At such a young age Hurley has limited insight into his own personality. To what extent do you think the events in the novel unfold because of his “difficult” personality and to what extent does he learn from these events?
Over the course of events in the novel he does discover much about the world. However Hurley’s egocentric personality limits his insight for internal self- discovery. Like a real life Forest Gump figure Hurley is involved in a series of historic events which shape him as an individual but also have an impact on broader society, the history of Antarctica and Australia. The tragic conclusion of the Mawson expedition is followed by the catastrophic events of the Shackleton expedition followed by the cataclysmic events of World War.
Shooting the Dogs
Hurley discovers a toughness and resourcefulness which enables his survival and makes him a valuable contributor to both expeditions. However it is in the context of some of these events that we see he increasingly becomes a loner, such as the occasion of the shooting of his sled dog team:
“I count through the eight shots. I try to concentrate on anything else, but by the end I am completely distraught and storm off so I don’t have to face anyone. I tell myself it’s a necessity but it hurts in a way I haven’t experienced for some years, and I realise I was closer to my dogs than my expedition colleagues.” p188
World War One
Of course the most shattering event is the World War which is relayed as a horror story:
“On arrival in Punta Arenas we had been dumbfounded at the stories of zeppelins and aeroplanes dropping bombs on cities, U-boats sinking passenger ships, machine guns, poison gas and liquid flamethrowers. And we thought our lives had been in peril! Before our departure I had no idea that such things could happen, but on our return the unspeakable had become the commonplace. I struggled to grasp what had changed in our absence”. p259
The war certainly challenges Hurley’s view of religion p301. However the World War has another unexpected effect. It puts the events of both expeditions in the shade and the bravery and heroism of the expeditioners is sidelined for the time being.
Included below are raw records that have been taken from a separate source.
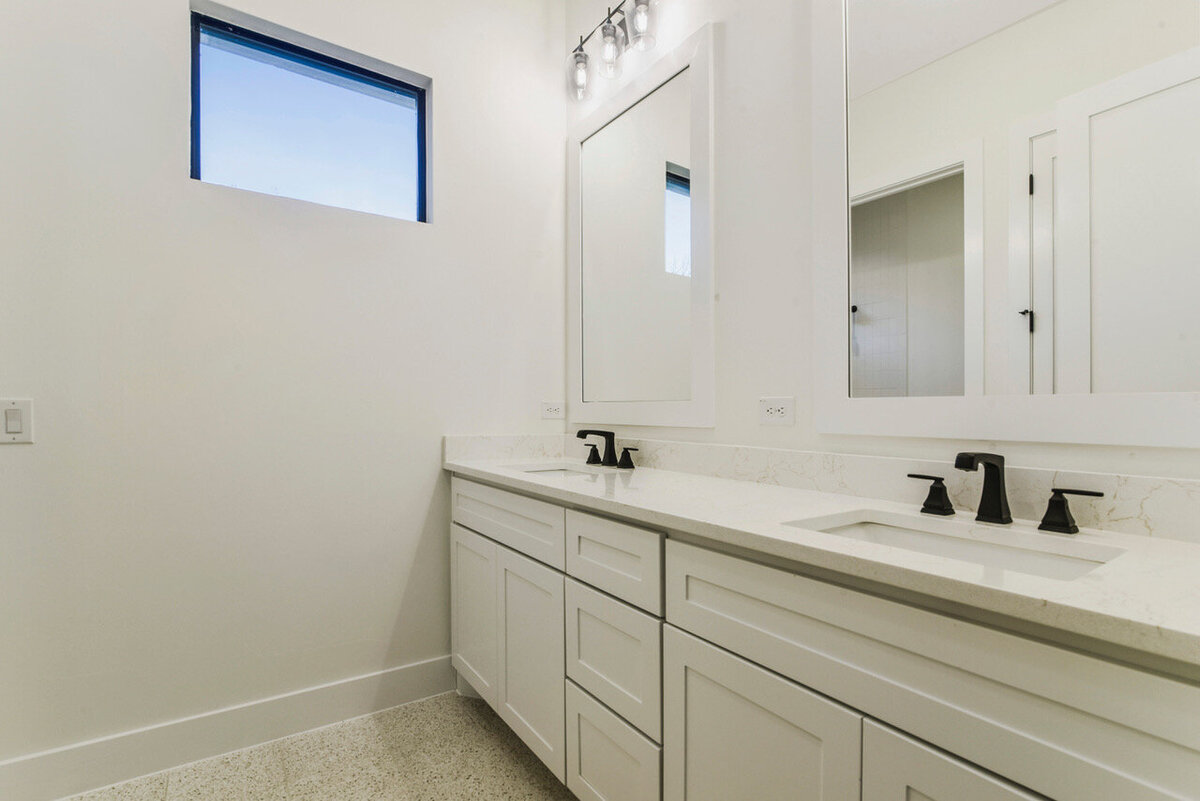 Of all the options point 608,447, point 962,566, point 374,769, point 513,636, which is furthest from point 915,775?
point 374,769

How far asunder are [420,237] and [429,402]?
0.61 m

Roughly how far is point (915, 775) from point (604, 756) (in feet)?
2.47

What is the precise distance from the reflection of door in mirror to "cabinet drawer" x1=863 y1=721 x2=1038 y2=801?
1.21m

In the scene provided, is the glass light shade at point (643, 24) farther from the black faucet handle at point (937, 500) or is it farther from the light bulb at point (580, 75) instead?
the black faucet handle at point (937, 500)

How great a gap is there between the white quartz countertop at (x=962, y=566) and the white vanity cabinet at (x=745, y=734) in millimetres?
208

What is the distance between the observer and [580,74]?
2.24m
World events made our failed voyage insignificant to the public imagination. The conflagration in Europe made trivial that we had survived when so many had given up their lives. I realised the truth of Lady Scott’s words: that the time of great polar explorers like Mawson and Shackleton belonged to another age. Scott was talked about only for having died a noble death. p260
Consider other events in the novel and how they reflect on the concept of discovery. Consider how Hurley has to plan and work hard to be appointed by Mawson but his subsequent appointment by Shackleton is sudden and unexpected. Consider his unexpected appointment as Official Photographer to the AIF. In this way and by these events Hurley discovers he has created a reputation for himself. This is transformative because it gives Hurley a renewed perception of himself. He becomes famous as a photographer and a brave adventurer.
Consider events such as the sinking of Endurance, Hurley’s clash with Captain Bean and transfer to Palestine. Consider how they were both confronting and were also transformative in unexpected ways.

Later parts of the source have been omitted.